# [RECORDS FOR PROCESSING]
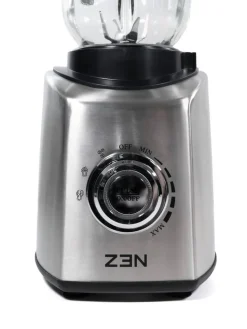 Z3N tehosekoitin T12 1200 W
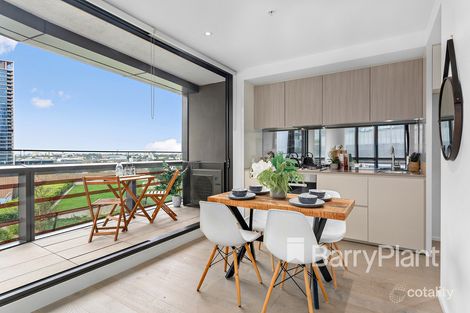 Property photo of 704N/883 Collins Street Docklands VIC 3008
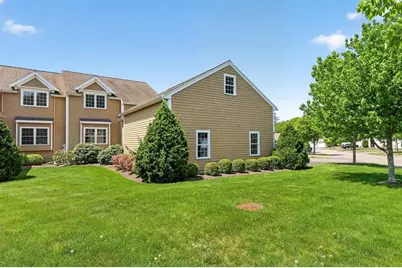 17 Alexander Place #17, Scituate, MA 02066 - Photo 36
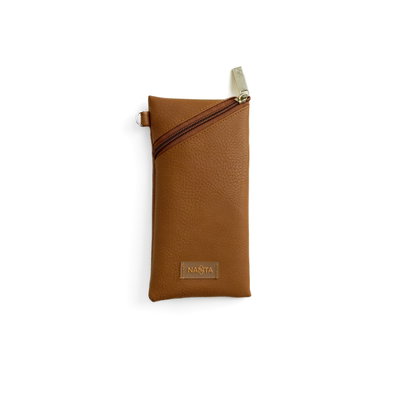 Funda de lentes Habana Premium - Suela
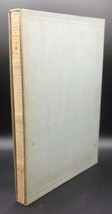 The Library Of Charles W. Clark: Volume 1 John Howell-Taylor, Nash &amp; Taylor 1/35 - £179.20 GBP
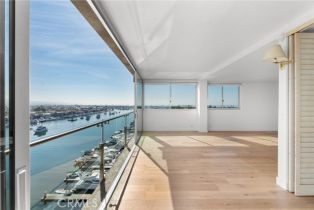 Condominium, 611 Lido Park dr, Newport Beach, CA 92663 - 5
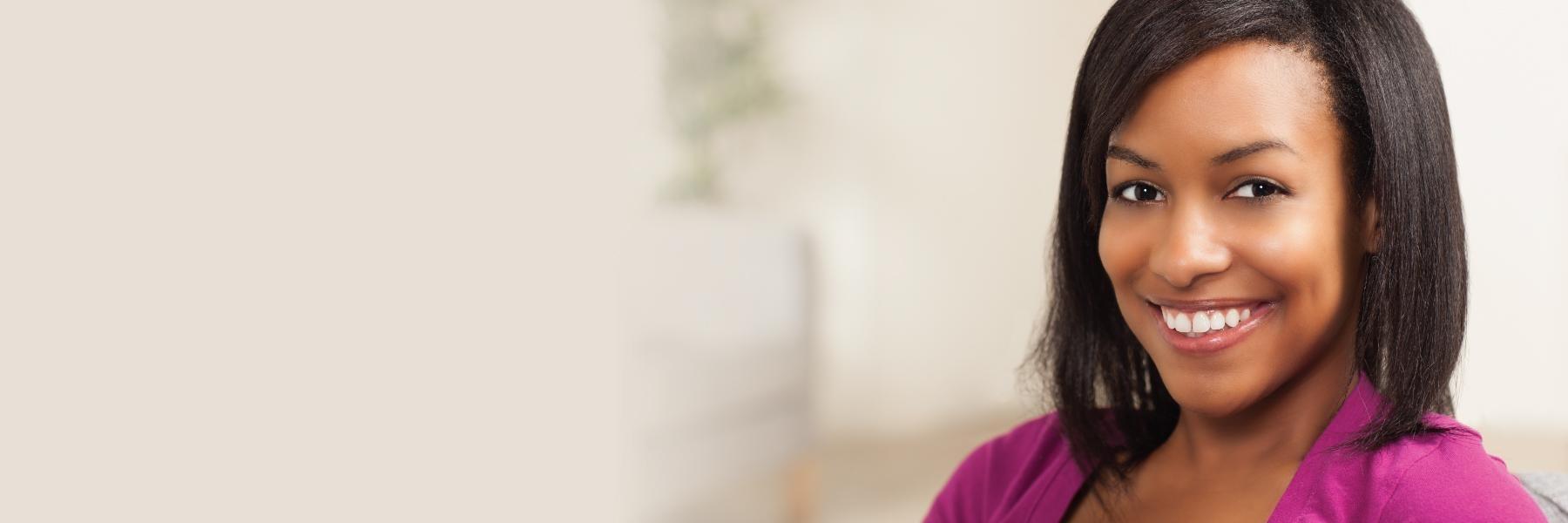 Cosmetic Dentistry | Dentist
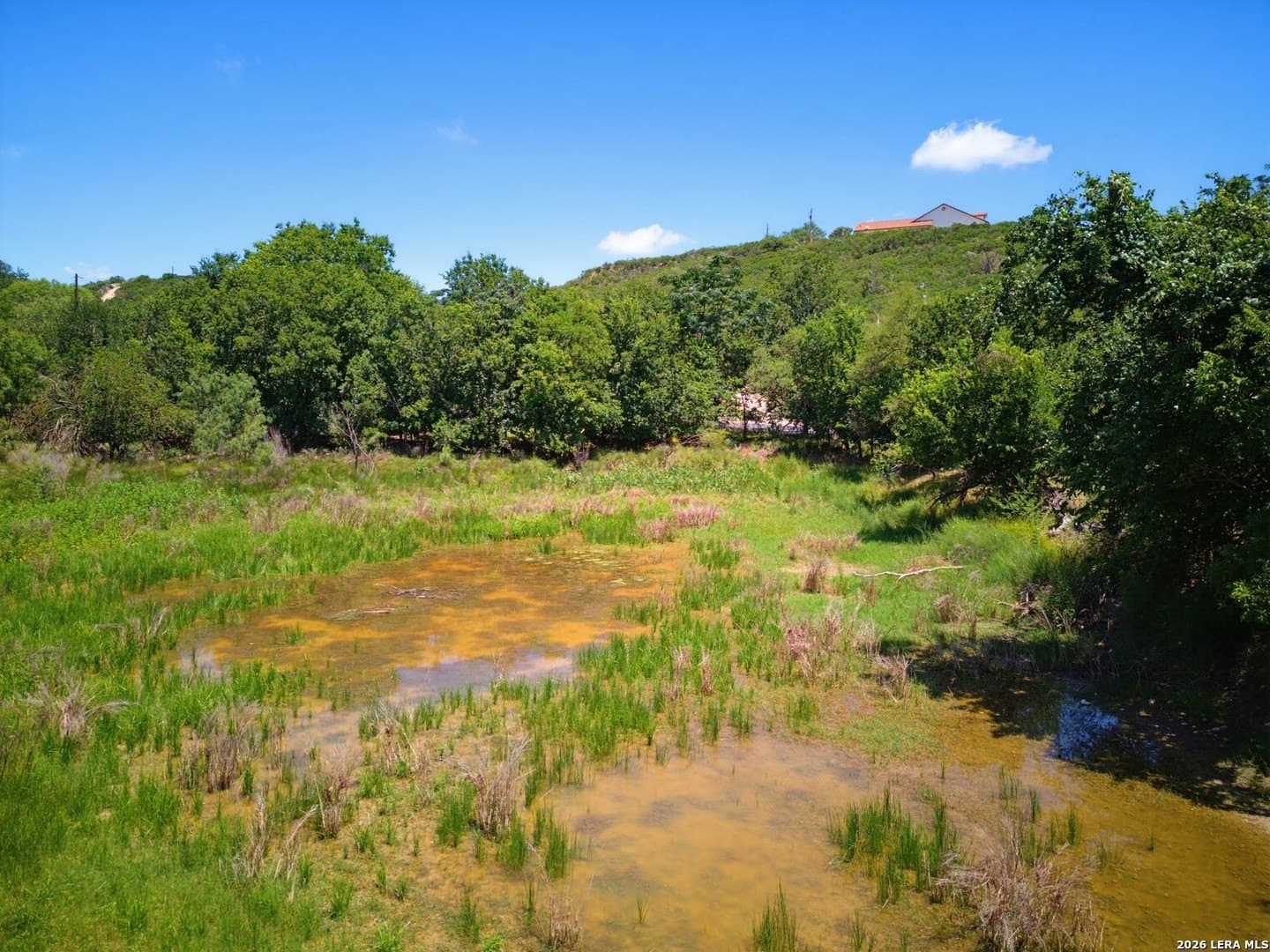 6.65 acres in Medina County - photo 14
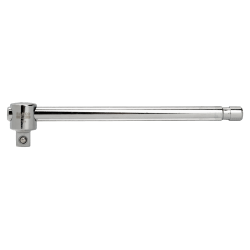 Pokrętło przesuwne T-kształtne 3/8'' 200 mm 7754-8 BAHCO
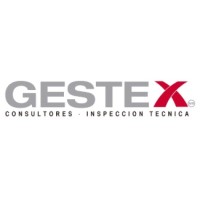 Gestex S.A logo, Gestex S.A contact details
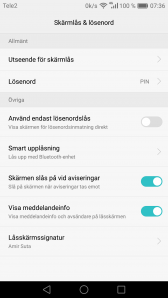 Screenshot_2016-10-11-07-36-20.png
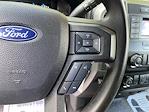 2021 Ford F-450 Crew Cab DRW RWD, Dump Truck for sale #CR82275A - photo 18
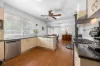 1 Broomfield Road, Creswick, Vic 3363-Image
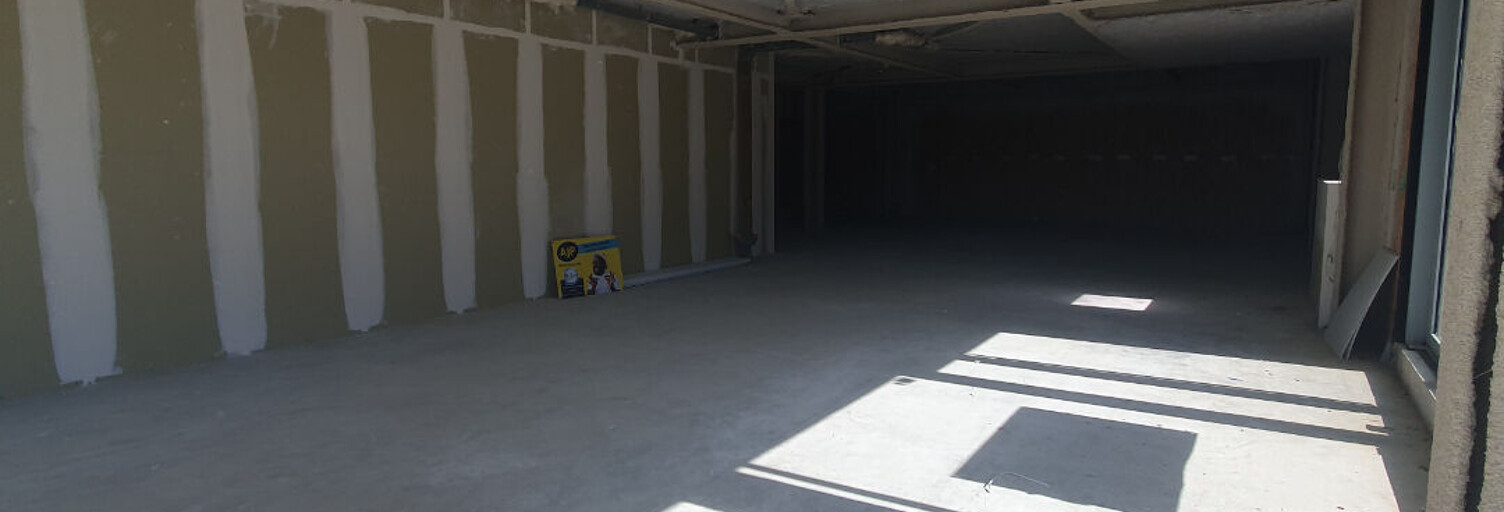 Commerce 1 Pièce 165 m² à vendre à Clisson (44190)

# [WHAT IS BEING ASKED]
Repeat the records word for word and drop any pictures.

# [SOLVED EXERCISE]
 Z3N tehosekoitin T12 1200 W
 Property photo of 704N/883 Collins Street Docklands VIC 3008
 17 Alexander Place #17, Scituate, MA 02066 - Photo 36
 Funda de lentes Habana Premium - Suela
 The Library Of Charles W. Clark: Volume 1 John Howell-Taylor, Nash &amp; Taylor 1/35 - £179.20 GBP
 Condominium, 611 Lido Park dr, Newport Beach, CA 92663 - 5
 Cosmetic Dentistry | Dentist
 6.65 acres in Medina County - photo 14
 Pokrętło przesuwne T-kształtne 3/8'' 200 mm 7754-8 BAHCO
 Gestex S.A logo, Gestex S.A contact details
 Screenshot_2016-10-11-07-36-20.png
 2021 Ford F-450 Crew Cab DRW RWD, Dump Truck for sale #CR82275A - photo 18
 1 Broomfield Road, Creswick, Vic 3363-Image
 Commerce 1 Pièce 165 m² à vendre à Clisson (44190)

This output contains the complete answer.